PERFECT DAYS (2023)

文字数 743文字

【HIRAYAMA SAN , WHO ARE YOU ?】 2023/12/22


役所さんのカンヌ受賞で話題のシネマだが、これって日本シネマ?
ヴェンダース・フィルムだとすればドイツシネマ?
いいえ、世界シネマでした。

THE TOKYO TOILETTというトイレ清掃会社社員平山さんの毎日を繰り返し繰り返し丁寧に描いていく、だからPERFECT DAYSなのだ。
トイレ文化先進国(?)らしい前衛的デザインのトイレが清掃の対象、こんなトイレなら、やっぱり綺麗にしておかなくちゃ・・・と思わざるを得ない。

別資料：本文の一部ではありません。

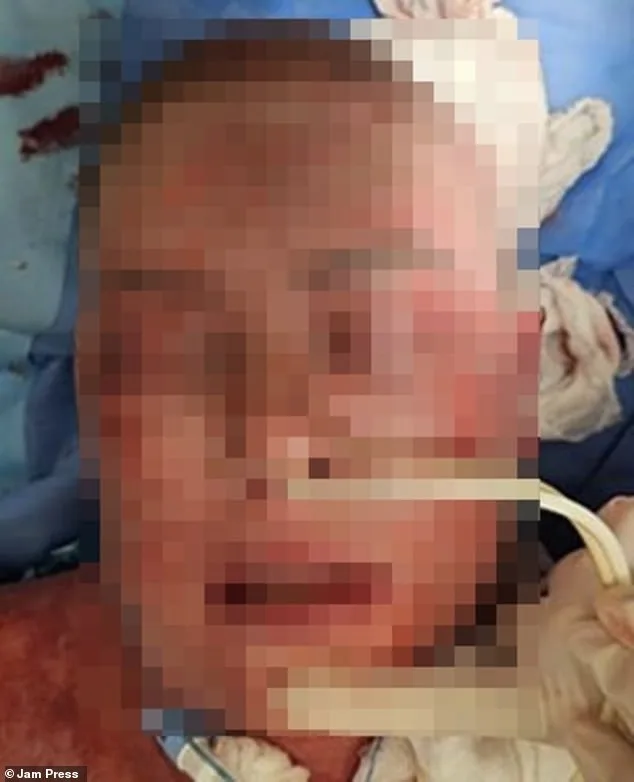 Toxic Skin Reaction from Lamotrigine Leaves Woman with Agonizing Burns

この感覚が世界シネマたる所以なのだが、それ以上の世界普遍的な人生観が本作を貫いていた。
人は別々の世界に生き、その世界の夢を見る、だから人が交わるというのは幻想にすぎない・・・一種の絶望である。
そんな世界に閉じこもる主人公平山さん、冒頭からほとんど喋ることがない、頷きかけ手差しするだけ。

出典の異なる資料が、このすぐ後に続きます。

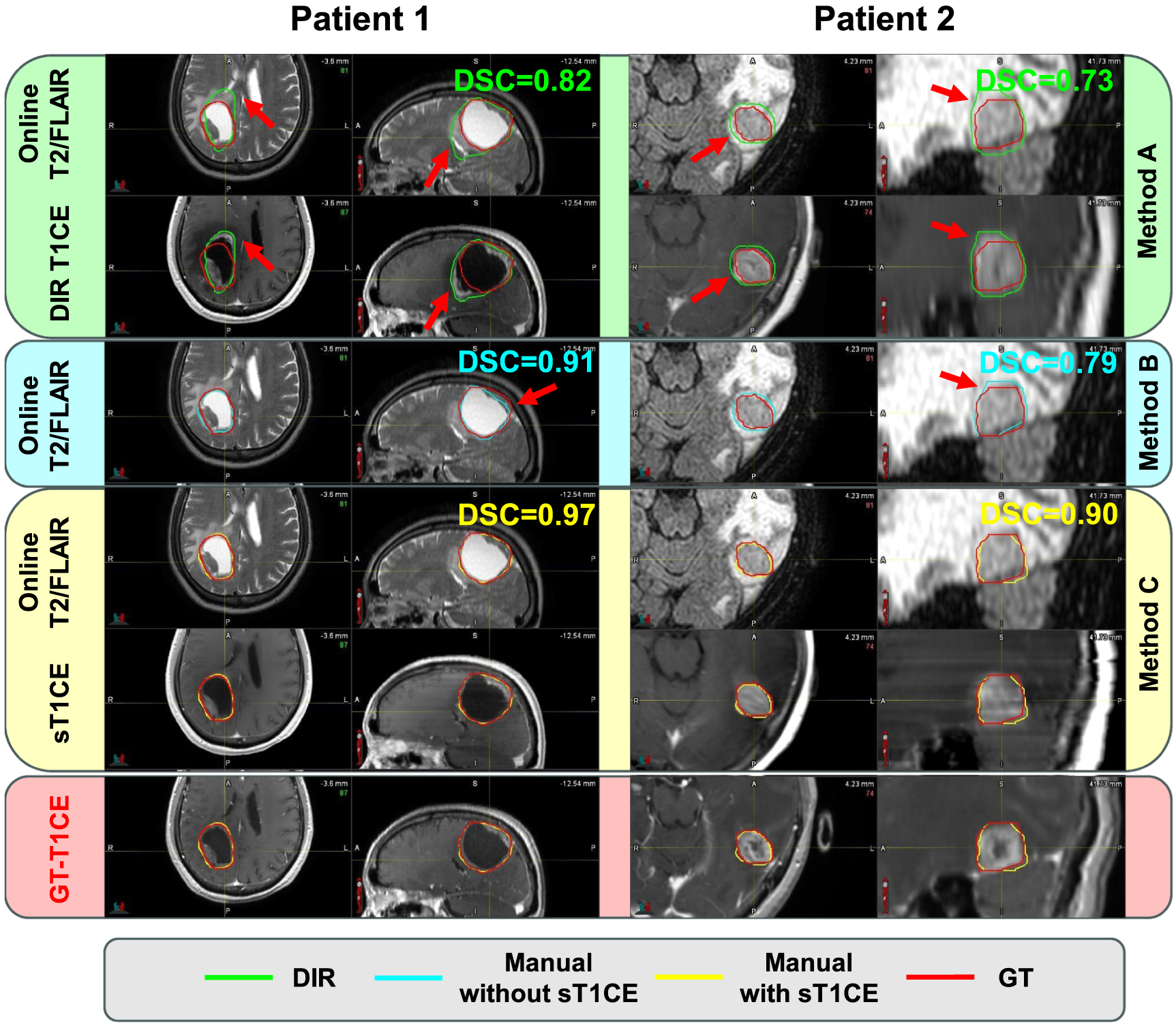 Contrast-enhanced image synthesis using latent diffusion model for ...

そんな世捨て人のような平山さんだからトイレ掃除に向いていると思ってはいけない。
実は平山さんには隠された過去があるらしい、誰でも過去はあるからそこに大きな意味はない。
頑なにデジタル文明に触れない、カセットテープ、フィルムカメラ、携帯ガラケイも業務にしか使わない、徹底している。

平山さんのPERFECT DAYSが延々と続く中、ちっちゃな事件が起きる。
彼の家族がぼんやりと浮かんでくる、優しさが見え隠れする、恋心も隠しきれなくなる。

木漏れ日を記録する平山さん、木漏れ日は人生の一瞬の出来事、二度と遭遇しない大切な一瞬になる。
平山さんは、苦い思い出の中のモノクロ盛木漏れ日ではなく、光眩しい木漏れ日をを見つけ出すのだろうか?
そのときは、平山さんが現実に戻ってくるのかもしれない。